MA-rket Research?

Remember the days of the “26-year-old yoga instructor in LA never before in business tasked with sourcing $6 billion worth of CBD annually for a big client” a decade ago?

I still say it was at least in part the Chinese doing market research.

They now supply most of the “U.S. Hemp” market via CBD converted into “legal” Frankenoids at a price ($200/kg) lower than U.S. farmers can compete.

Long the world’s largest grower and processor of hemp as well as the world’s largest producer of Active Pharmaceutical Ingredients, it was obvious Americans had to act fast to have a proprietary advantage in the “drug hemp” CBD market. I even warned of it in 2020:

China will eventually own the low-end high-volume phytocannabinoid market, and continue to dominate hemp textiles.

There’s no reason that its cost of goods for shelled hempseed couldn’t eventually be well below US$1 per pound ($2.20/kg), even 75¢. Or COGS as low as $9 per gallon of hempseed oil.

That’s why it’s more important than ever for US hemp farmers to look to the future, innovations such as artisanal hemp for smoking as a non-tobacco tobacco-cessation tool, among others.

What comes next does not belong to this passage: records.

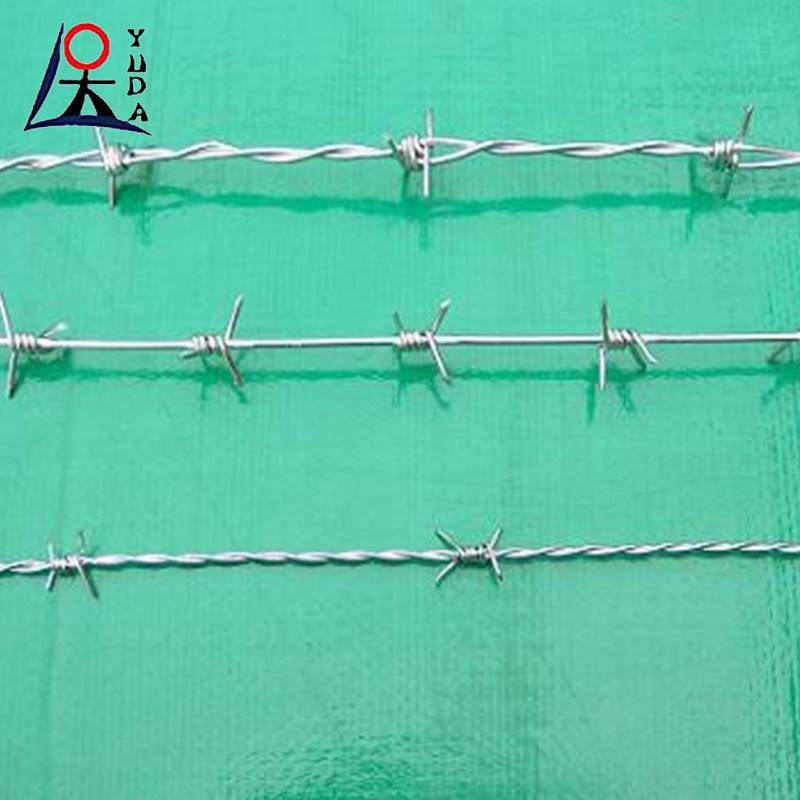 14 Gauge PVC Coated Barbed Wire Galvanized Decorative Barbed Wire Roll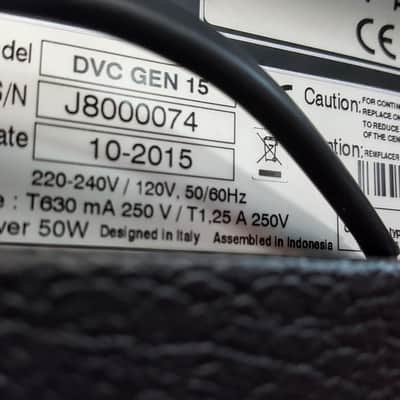 DV Mark 1x12 15w Class A all tube guitar amp with reverb, model DVC GEN 15, super light and portable image 7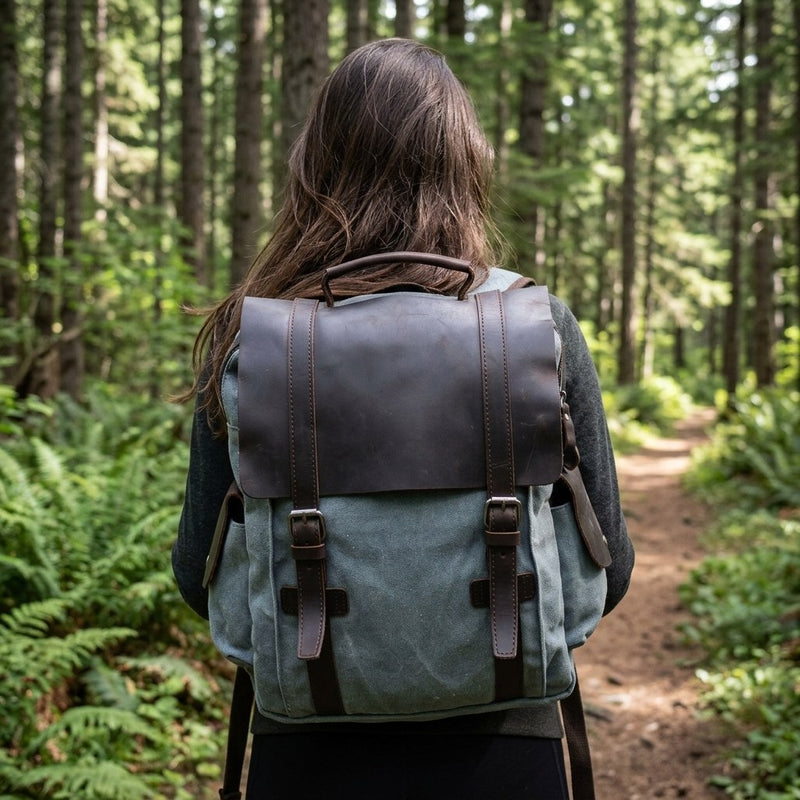 Manitoba on woman in forest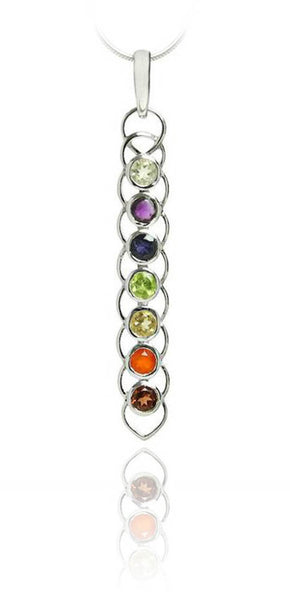 Criss Cross Chakra Pendant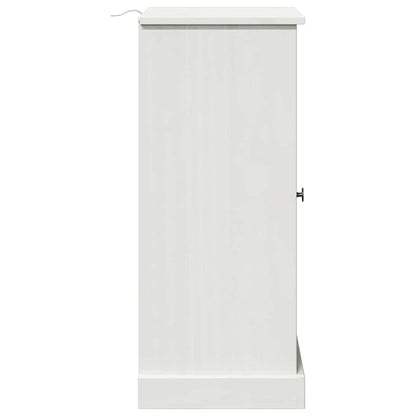 Badrumsunderskåp med hylla VIGO antikvit 37 x 34 x 80 cm Massiv furu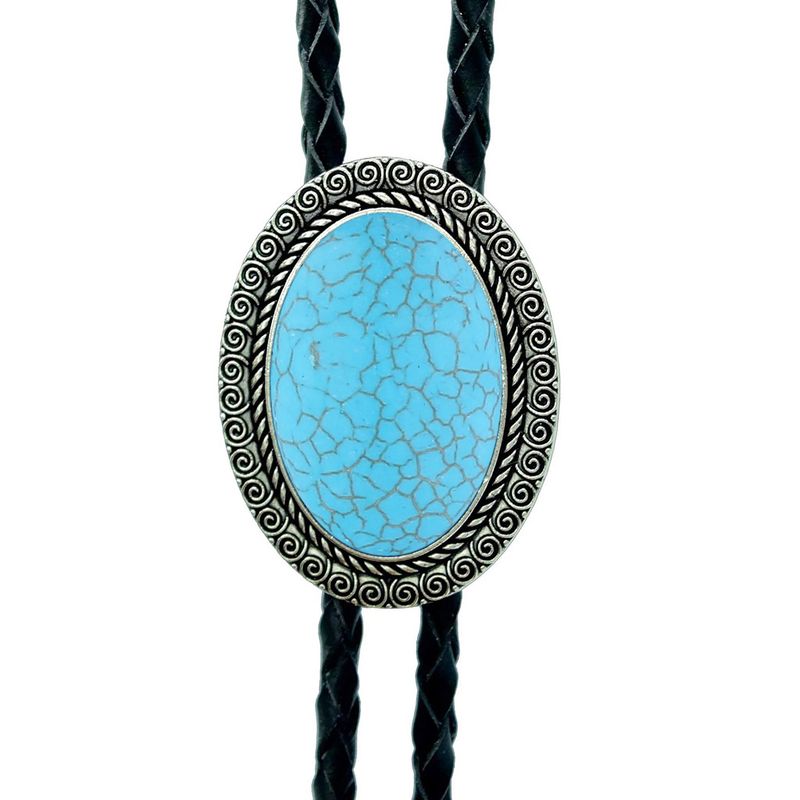 Neue Stil Jade Hemd Kette Bolo Hals Seil Halskette Krawatte_voghion.com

Artisanal products are how you can compete with cheap cannabinoid producers. There will always be a market for quality, innovation, convenience, freshness, and a heart-warming authentic story about the people producing it.

The Chinese are growing several hundreds of thousands of acres of hemp and have labs ready to distill it as the market demands. The government is kicking-in millions of dollars to make it happen and throwing expertise at it.

One of the world’s biggest markets and biggest API production (active pharmaceutical ingredients, the building blocks of medicines and products) is already right there, and they don’t need Canadian, U.S. or European hemp or consumers to achieve economies of scale.

Companies are going public on the strength of the hemp sector, and a few public companies are pivoting to hemp.

The world’s leading biotech, tobacco, and pharmaceutical companies and nonprofit organizations, all working with the government to make China the world leader in hemp and cannabinoids, and raise farmers out of poverty.

Meanwhile in the U.S., farmers are burning crops over 0.01% THC and fighting with FDA and USDA for better treatment, and a bankrupt HIA reduced to suing DEA to maintain relevancy.

If Popular Mechanics declared in 1938 that hemp could make 25,000 products, imagine what that number might be today? Millions and millions, no doubt. That’s why China is moving fast and furious forward on hemp.”